Image-text web data
........

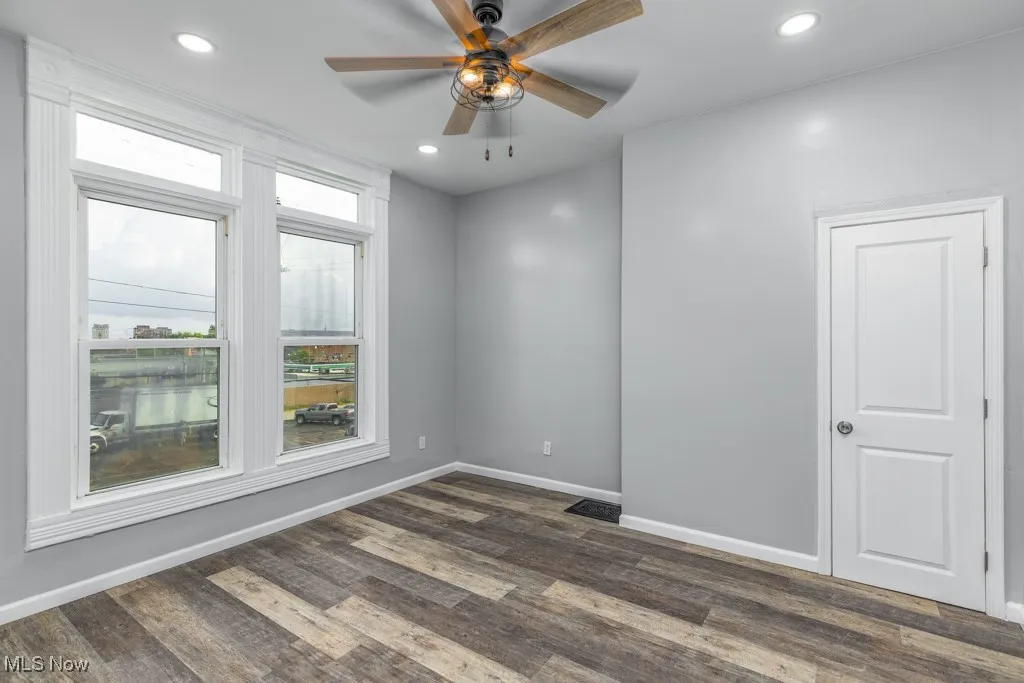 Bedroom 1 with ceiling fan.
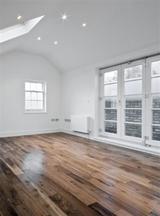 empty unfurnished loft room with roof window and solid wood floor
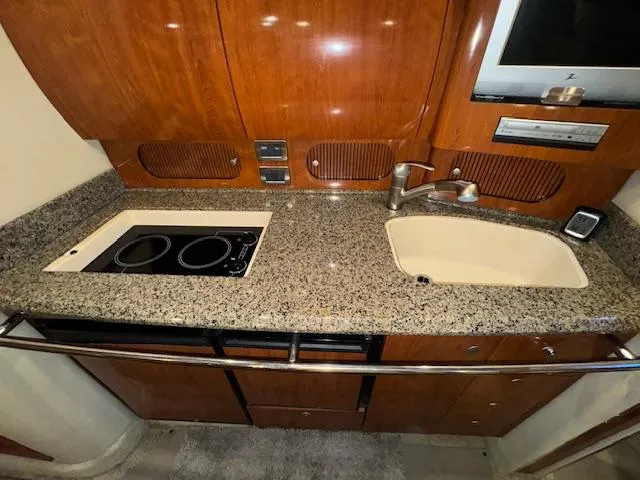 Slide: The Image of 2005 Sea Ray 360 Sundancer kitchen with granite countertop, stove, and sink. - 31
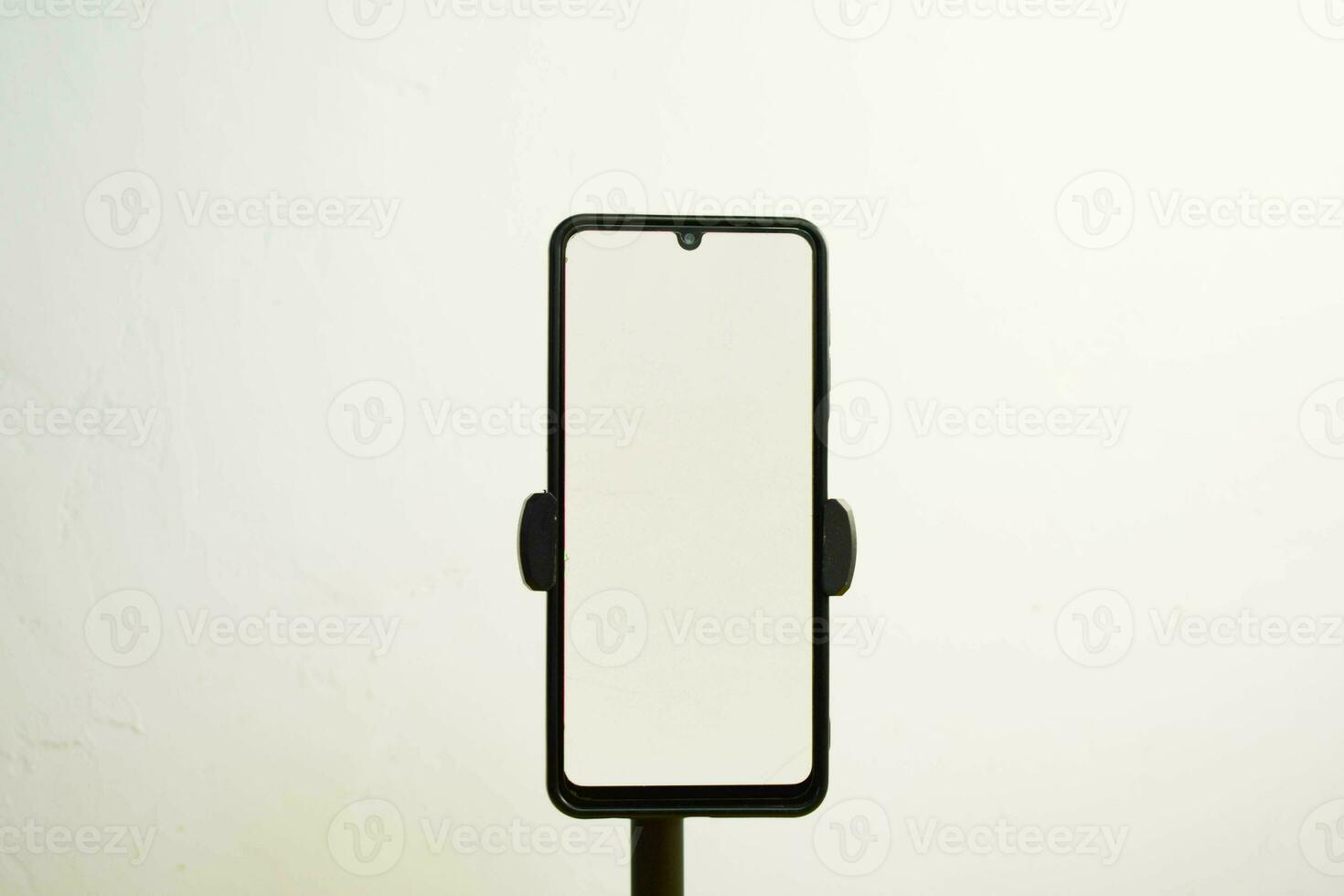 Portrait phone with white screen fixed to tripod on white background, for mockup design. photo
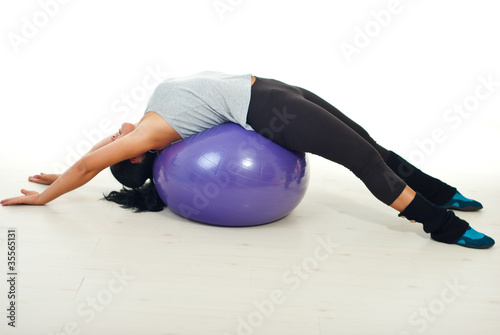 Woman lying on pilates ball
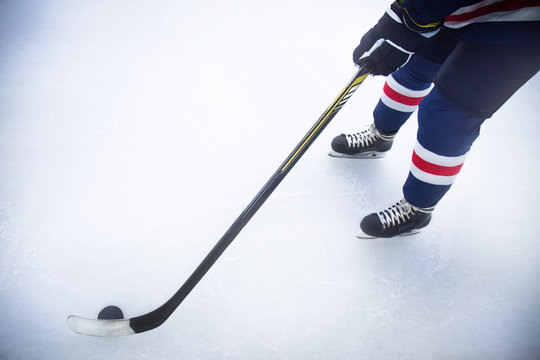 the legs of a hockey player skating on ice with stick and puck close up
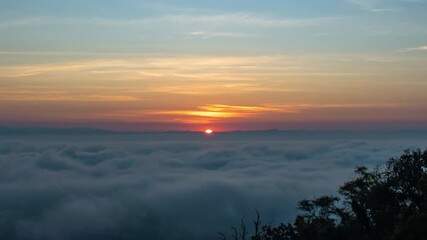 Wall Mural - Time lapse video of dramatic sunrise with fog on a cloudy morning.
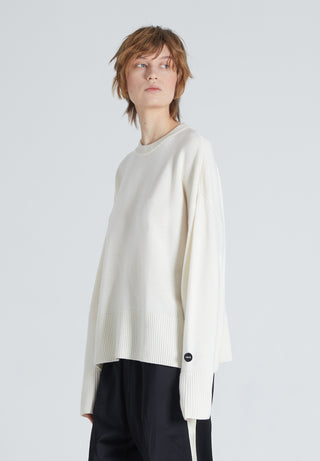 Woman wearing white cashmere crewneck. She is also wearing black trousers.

........

- [TASK OBJECTIVE]
Your copy should hold exactly the lines from the one that contains "the legs of" through the final line of the data, both ends included, and no pictures.

- [PROBLEM SOLUTION]
 the legs of a hockey player skating on ice with stick and puck close up
 Wall Mural - Time lapse video of dramatic sunrise with fog on a cloudy morning.
 Woman wearing white cashmere crewneck. She is also wearing black trousers.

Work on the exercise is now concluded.